A simit is a circular baked bread that is thinner and lighter in consistency than a bagel and lathered in sesame seeds. There are new variations popping up, some of which use whole grain flour while others are covered in other seeds, like sunflower seeds, however, in my humble opinion, this special bread’s very name and essence are derived from its sesame seed encasing and the seeds themselves make the simit.

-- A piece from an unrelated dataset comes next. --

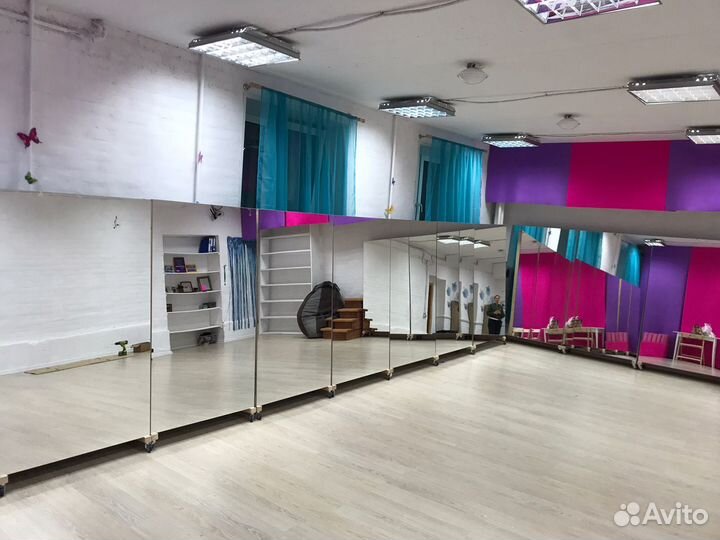 Мобильное зеркало на колесиках / фитнес, танцы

These bread rings may resemble bagels, but there are a lot of differences between the two. First and foremost, the simit is not boiled before it is baked, therefore it does not have the heavier and chewier consistency of a bagel. A simit is lighter and crispier and the yeasted dough is twisted into a donut-shaped circle, but twice the size, and the edges work to capture the molasses sauce the bread is dipped in before baking. Yes, you read that right, the simit is covered in a sauce of watered-down grape molasses after which it is dipped into sesame seeds, which go on to cover it in its entirety. Simit can be purchased at every bread bakery, pastry shops, most corner shops as well as from street stands and wandering vendors that call out “simit” as they walk through neighborhoods.
If you get a simit from a stand, you have the extra option of purchasing a single triangle of spreadable cheese, available for purchase from the vendor, who breaks down the usual eight-piece round boxes of cheeses from brands such as “La Vache qui rui.” To ask for this in Turkish, one simply needs to say “üçgen peynir,” which literally means a triangle of cheese. Unlike the way a bagel is served, which most foreigners might be more familiar with, the simit is never served with a cream cheese variation, but instead is consumed on-the-go with this distinct type of spreadable cheese.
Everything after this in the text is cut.